Task item.
Apart from the images, the records below need to be copied exactly.

Information supplied.
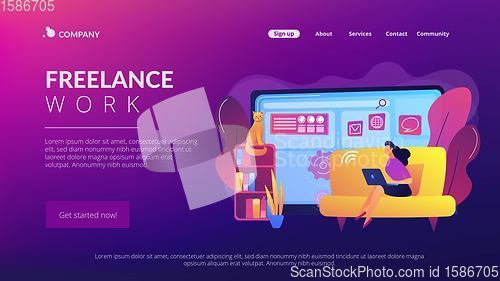 Image of Freelance work concept landing page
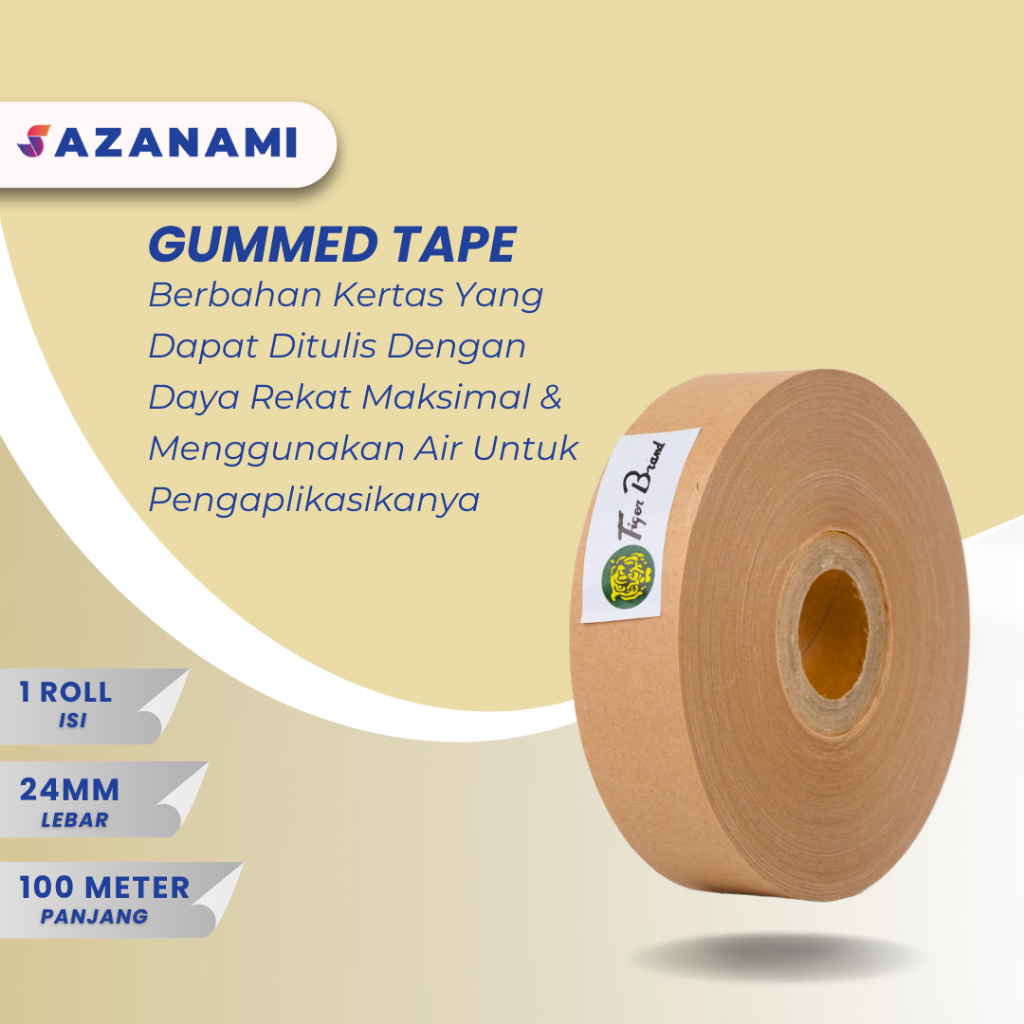Lakban Air 1" Inch x 100M GUMMED TAPE paper craft Tape Tiger Kraft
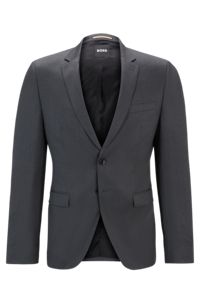 Extra-slim-fit jacket in virgin-wool serge, Dark Grey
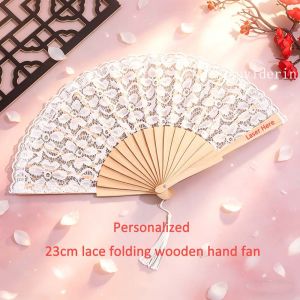 10/30pcs Exquisite Lace Wooden Folding Hand Fans Personalize Engrave Text Logo on Wood for Dancing & Wedding Party Home Decor2026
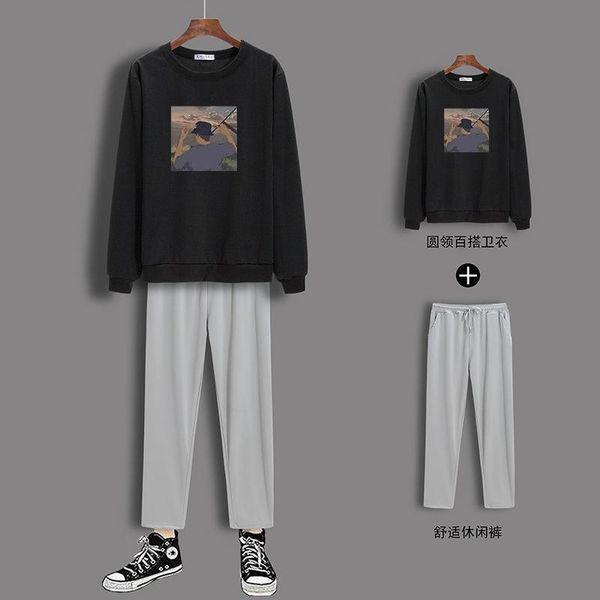 men's tracksuits autumn student sportswear men winter printed pullover round neck sweater loose drawstring cropped trousers outdoor, Gray
men's tracksuits autumn student sportswear men winter printed pullover round neck sweater loose drawstring cropped trousers outdoor, Gray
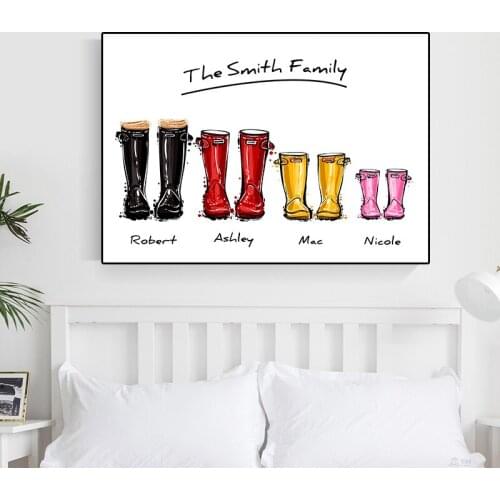 Customize Family Names Boots Wall Art Prints Bedroom Decoration Quote Poster For Gifts Modern Canvas Painting Room Decor DZ001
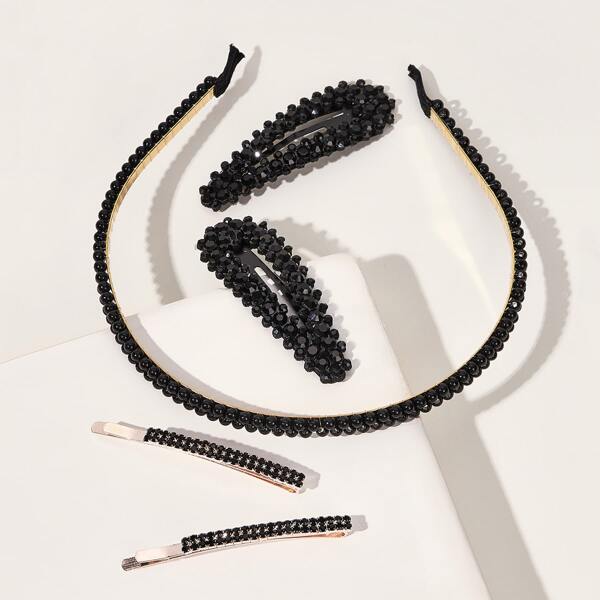

5pcs Rhinestone Decor Hair Hoop & Hair Clip, Black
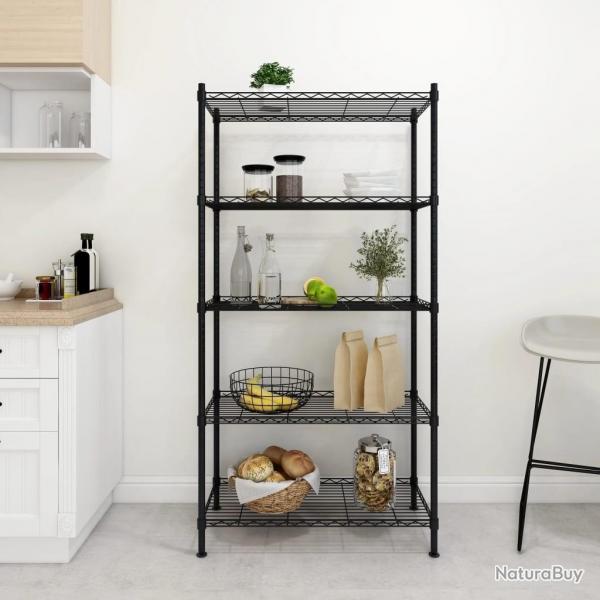 tagre de rangement 5 niveaux 90x35x180 cm Noir 250 kg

Result.
 Image of Freelance work concept landing page
Lakban Air 1" Inch x 100M GUMMED TAPE paper craft Tape Tiger Kraft
 Extra-slim-fit jacket in virgin-wool serge, Dark Grey
 10/30pcs Exquisite Lace Wooden Folding Hand Fans Personalize Engrave Text Logo on Wood for Dancing & Wedding Party Home Decor2026
 men's tracksuits autumn student sportswear men winter printed pullover round neck sweater loose drawstring cropped trousers outdoor, Gray
men's tracksuits autumn student sportswear men winter printed pullover round neck sweater loose drawstring cropped trousers outdoor, Gray
 Customize Family Names Boots Wall Art Prints Bedroom Decoration Quote Poster For Gifts Modern Canvas Painting Room Decor DZ001

5pcs Rhinestone Decor Hair Hoop & Hair Clip, Black
 tagre de rangement 5 niveaux 90x35x180 cm Noir 250 kg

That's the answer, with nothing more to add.